• [Exercise data]
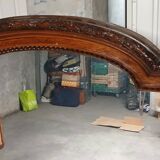 Old dresser mirror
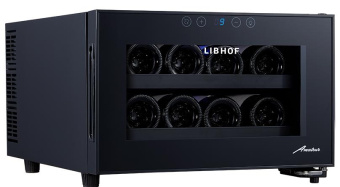Винный шкаф Libhof Amateur AP-8 Black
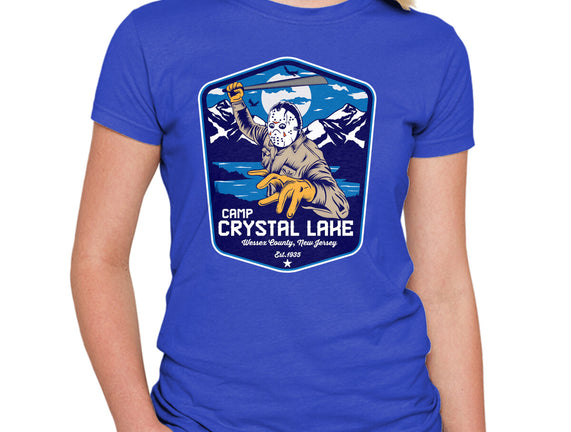 Camp Crystal Lake Badge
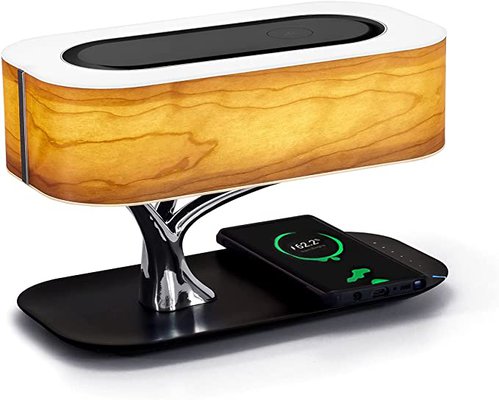 Ampulla Bedside Lamp with Bluetooth Speaker and Wireless Charger 5V $109.99 (was $179.99) @ Amazon AU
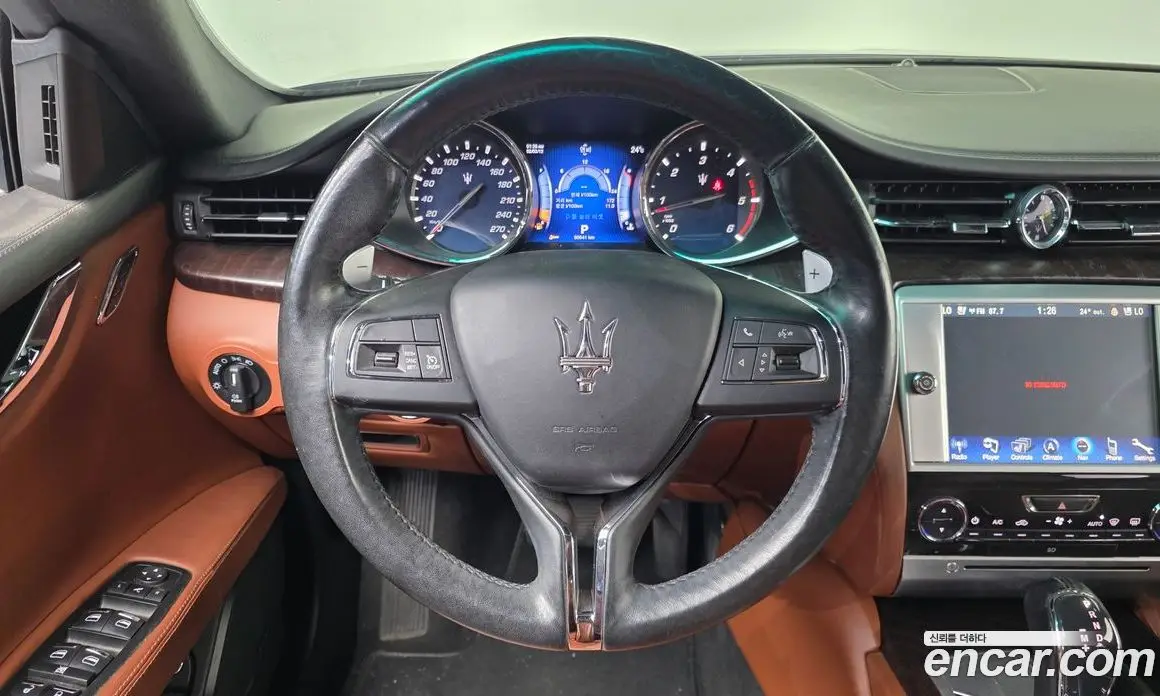 Maserati Quattroporte 2016 3.0 АКПП, фото 13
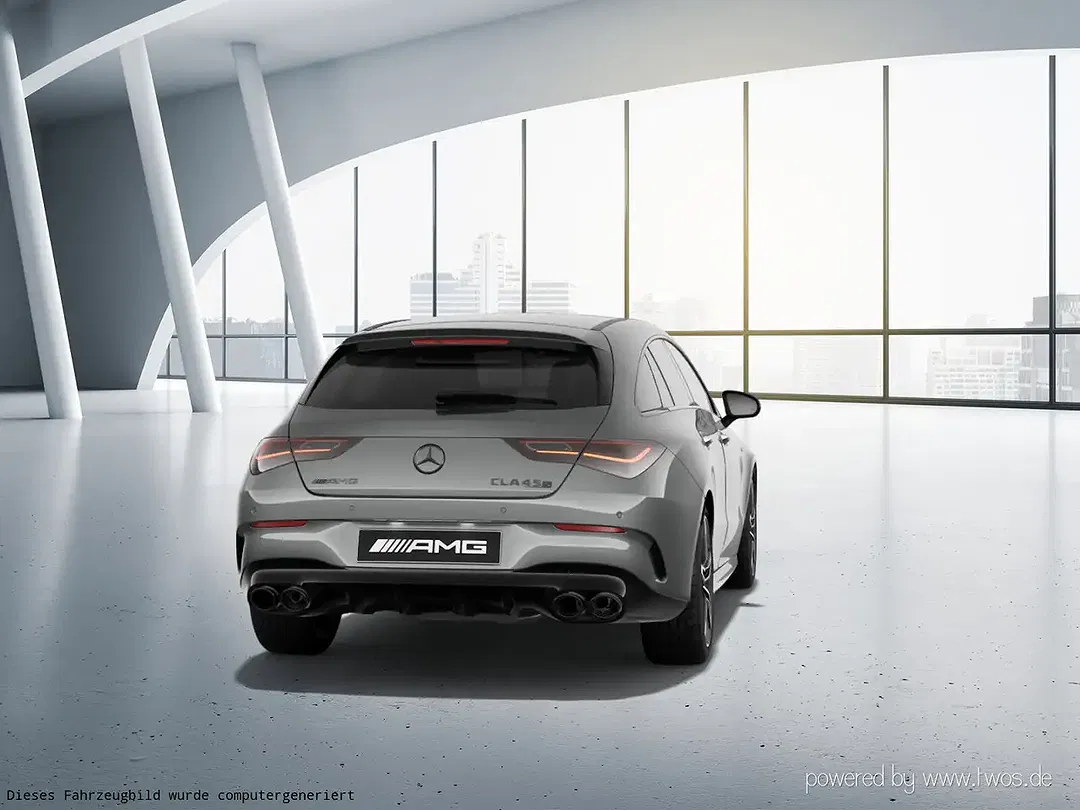 Mercedes-Benz CLA 45 AMG 4MATIC - Thumbnail 12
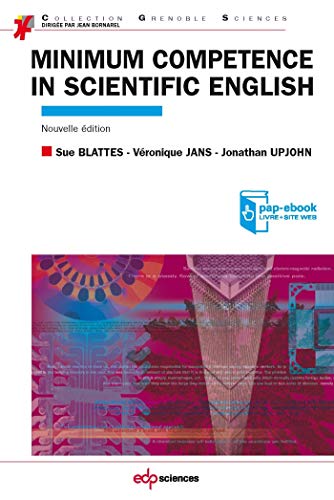 Minimum competence in scientific english Minimum competence in scientific english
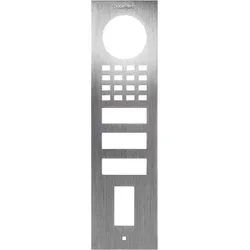 DoorBird D1102FV Fingerprint 50 Aufputz Frontblende – Edelstahl V4A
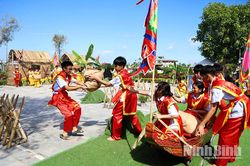 Chương trình giáo dục trải nghiệm “Hành trình theo dấu kho lương Trần Thương”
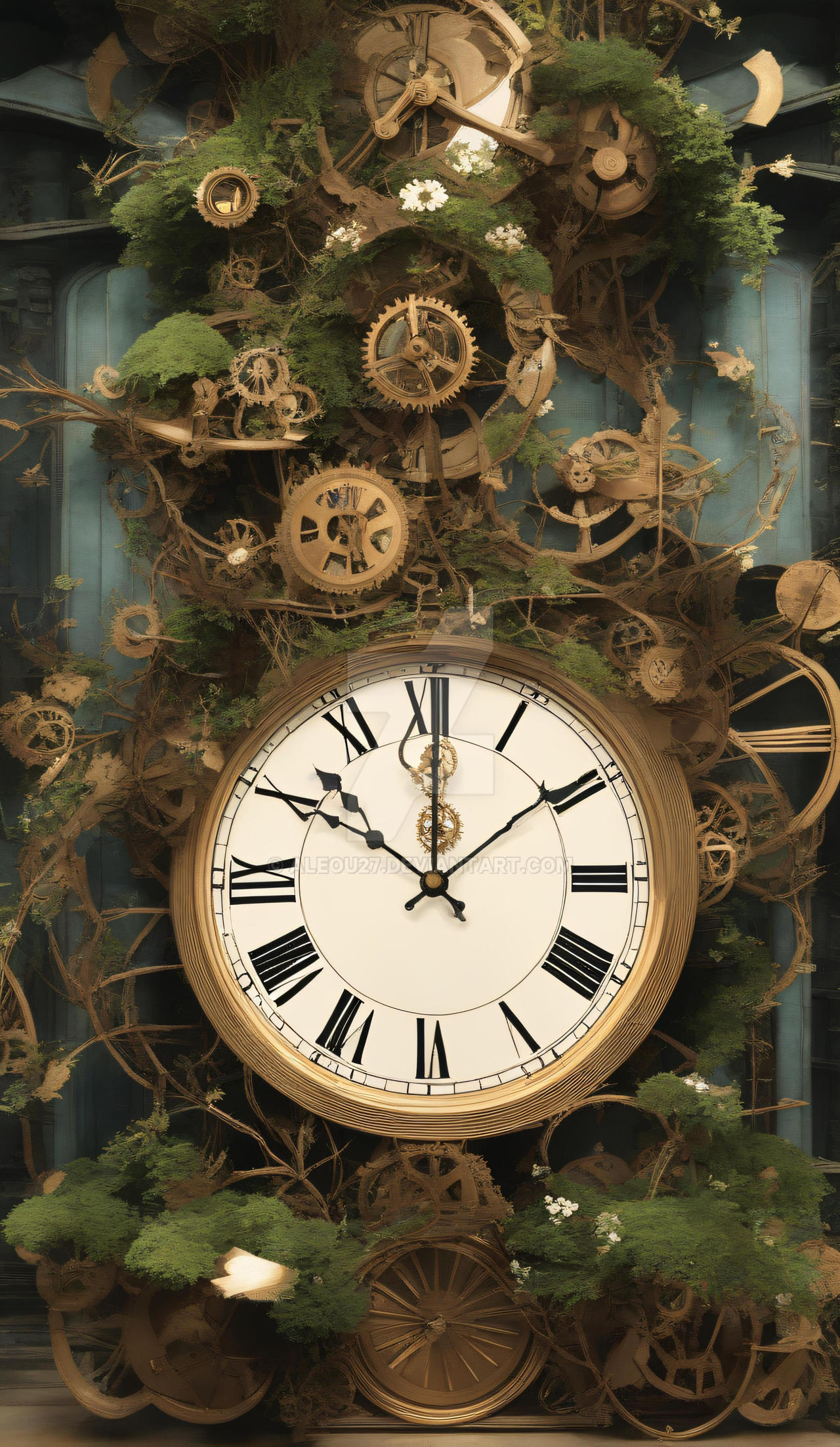 Clockwork Wonderland by aleou27 on DeviantArt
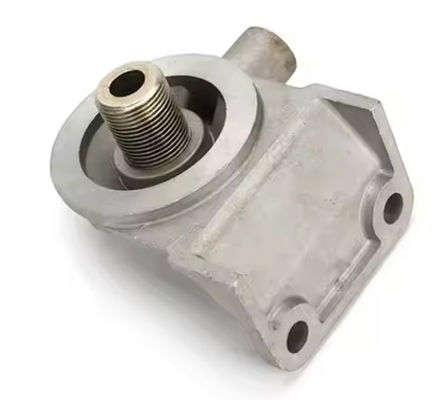คุณภาพสูง PC200-6 PC300-6 Excavator Spare Parts Fuel Filter Head 6114-71-6210 6138-71-6110 หมากรุก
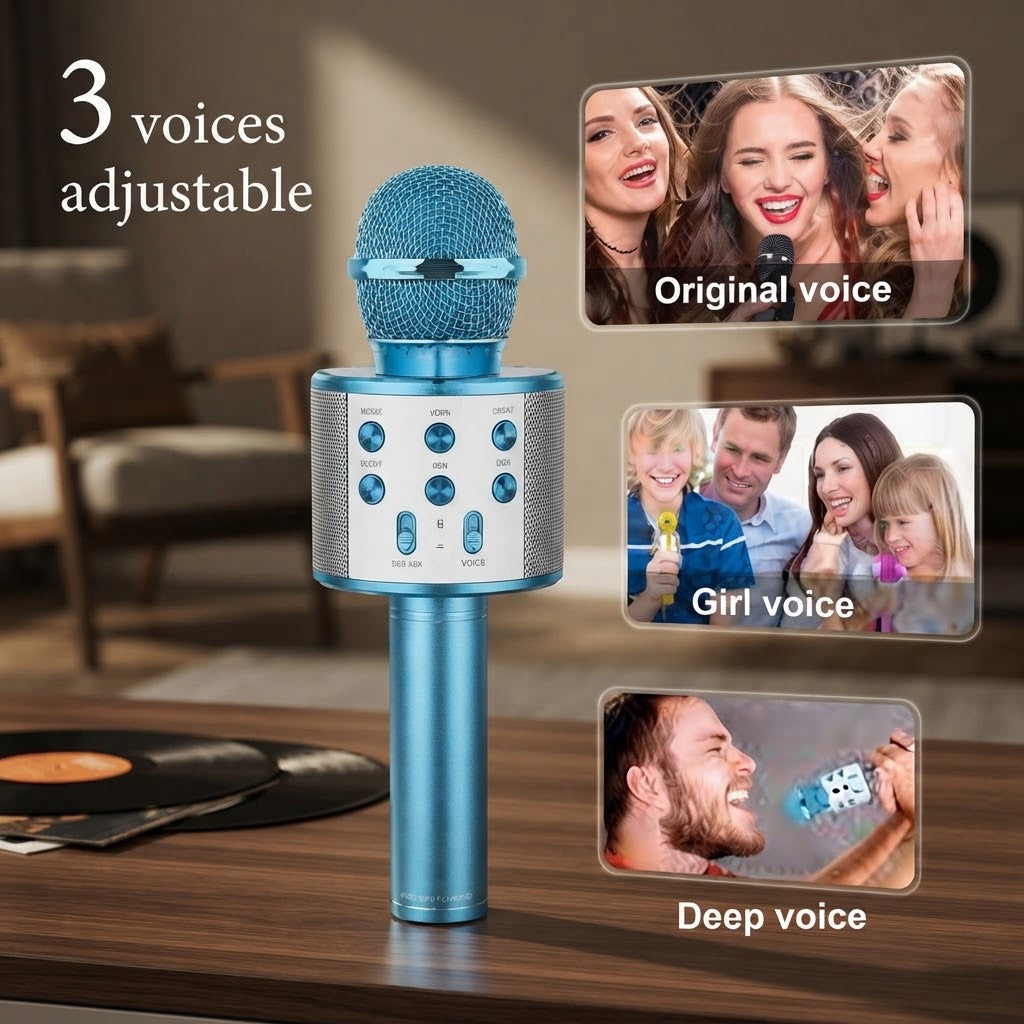 Wireless Kids Microphone-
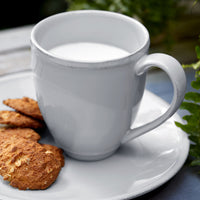 Costa Nova Friso White Mug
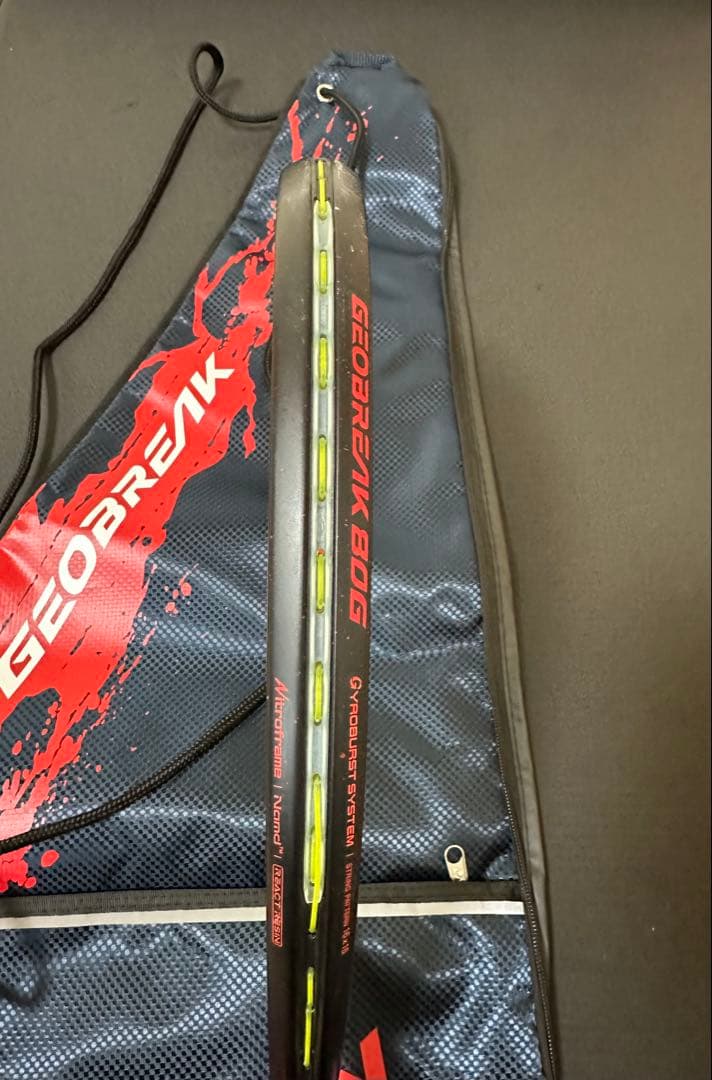 セール！YONEX ジオブレイク80G UL1 純正ラケットケース付き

• [Work required]
Copy exactly, with no pictures, the lines from the line containing "Винный шкаф Libhof Amateur AP-8 Black" through the last line of the records above.

• [Result of the task]
Винный шкаф Libhof Amateur AP-8 Black
 Camp Crystal Lake Badge
 Ampulla Bedside Lamp with Bluetooth Speaker and Wireless Charger 5V $109.99 (was $179.99) @ Amazon AU
 Maserati Quattroporte 2016 3.0 АКПП, фото 13
 Mercedes-Benz CLA 45 AMG 4MATIC - Thumbnail 12
 Minimum competence in scientific english Minimum competence in scientific english
 DoorBird D1102FV Fingerprint 50 Aufputz Frontblende – Edelstahl V4A
 Chương trình giáo dục trải nghiệm “Hành trình theo dấu kho lương Trần Thương”
 Clockwork Wonderland by aleou27 on DeviantArt
คุณภาพสูง PC200-6 PC300-6 Excavator Spare Parts Fuel Filter Head 6114-71-6210 6138-71-6110 หมากรุก
 Wireless Kids Microphone-
 Costa Nova Friso White Mug
 セール！YONEX ジオブレイク80G UL1 純正ラケットケース付き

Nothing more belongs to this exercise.